-------- DATA
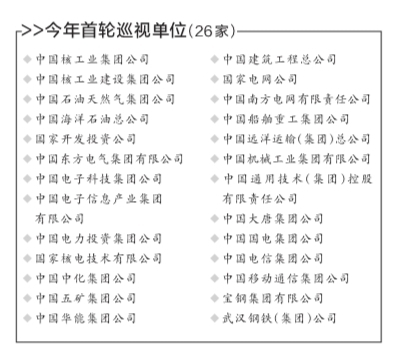 京华时报讯（记者孙乾）2015年首轮巡视将对26家央企进行专项巡视，昨天，中纪委对外发布了中央巡视组入驻情况。首个入驻的巡视组为第八巡视组，入驻国家电网公司。从首日披露的情况来看，与以往专项巡视多为“一个月左右”的巡视期不同，昨天三个巡视组披露的巡视期均为两个月。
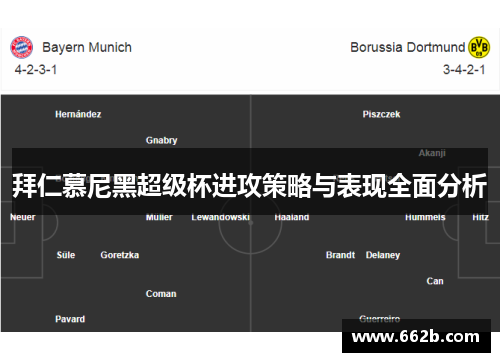 拜仁慕尼黑超级杯进攻策略与表现全面分析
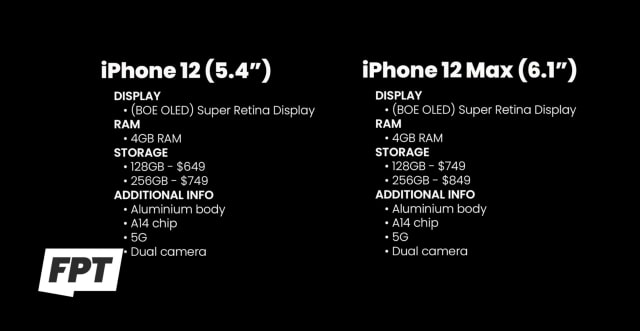 Specs and Pricing for Apple's Entire iPhone 12 Lineup Leaked? [Video]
----------------
REQUIREMENT →
What is needed is a verbatim copy of the lines running from the one with "拜仁慕尼黑超级杯进攻策略与表现全面分析" through the last line of the listing above, excluding any pictures.

PROBLEM SOLUTION →
 拜仁慕尼黑超级杯进攻策略与表现全面分析
 Specs and Pricing for Apple's Entire iPhone 12 Lineup Leaked? [Video]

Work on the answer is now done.